Walmart had its best Black Friday ever, according to The Sacramento Bee.
Walmart’s Black Friday plan included three events this year at 8 p.m., 10 p.m. and 5 a.m. During the high traffic period from 8 p.m. through midnight, Walmart processed nearly 10 million register transactions and almost 5,000 items per second.
But what happened to the protests that were supposed to happen yesterday, that was supposed to include Walmart employees? The protests were arranged in conjunction with United Food and Commercial Worker’s Union, as an effort to bring attention to the number of employees making less than $10 per hour, as well as the issue of affordability of health care benefits and workers being given more schedules short of full-time.
The Bee quotes a Walmart spokesperson:
In response to the UFCW’s planned protests, Simon added, “Only 26 protests occurred at stores last night and many of them did not include any Walmart associates.” In addition, the company did not experience the walk-offs that were promised by the UFCW. “We estimate that less than 50 associates participated in the protest nationwide.
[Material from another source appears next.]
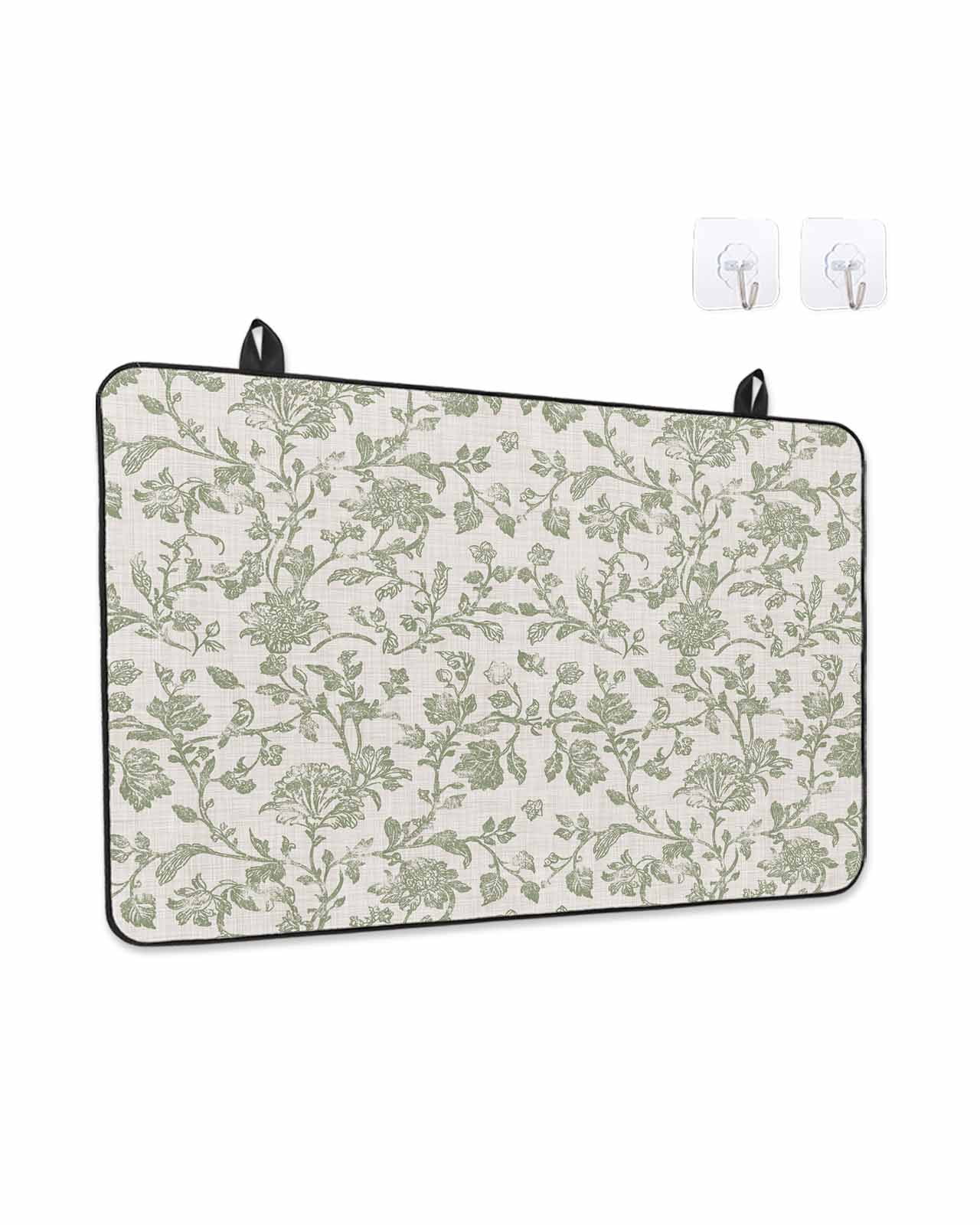 Stove Top Covers for Electric Stove, Farmhouse Sage Green Glass Stovetop Cover Protector, Vintage Flower Leaf Botanical Induction Cooktop Protector Oven Mat for Kitchen Countertop 31"x24"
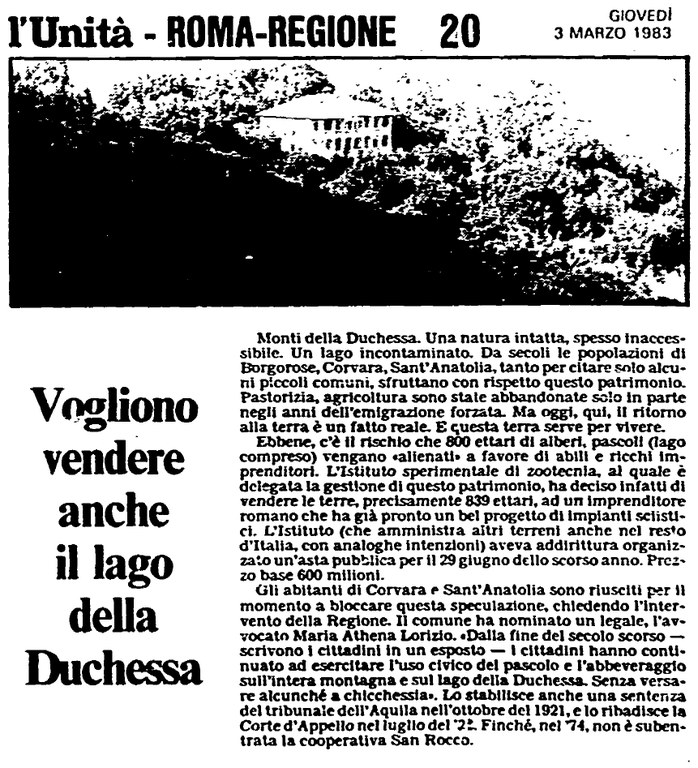 1983 - Vogliono vendere anche il lago della Duchessa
In fact, this year, roughly the same number of associates missed their scheduled shift as last year,” Simon said.
One employee of a Los Angeles-area Walmart explains the ways in which Walmart’s policies negatively impact his life, and how it only seems to get worse. CNN Money quotes 28 year-old Dan Hindman:
Hindman, who says he makes $9.80 an hour and works a varied schedule, says he is speaking out because “How they treat us isn’t fair.” Next year, he says that his insurance premiums, about $106 every two weeks, will increase by more than one-third. At the same time, Wal-Mart is cutting back its contributions.
“I can’t spend Christmas with my four-year-old son. Now it’s Thanksgiving. I thought when I was hired that there was a future with Wal-Mart,” he says. “The community needs to know what is going on. Wal-Mart is part of the community.”
Even so, Hindman says his hours for next week already have been cut back significantly, which he believes is retaliation for speaking out.
In that case, a man making $9.80 per hour, working 40 hours per week makes approximately $1500 per month, paying out about $216 per month for insurance. Put into perspective with how much money Walmart made in their best Black Friday ever, it’s not hard to imagine why the Walmart employees and their supporters are deeply troubled and want change.
So what do you think went wrong, and what needs to change so that Walmart can continue to be profitable (and therefore provide all those jobs, which are necessary) while providing a fair living wage for its employees?
Should more of the employees have walked out, risking their jobs, in order to make change?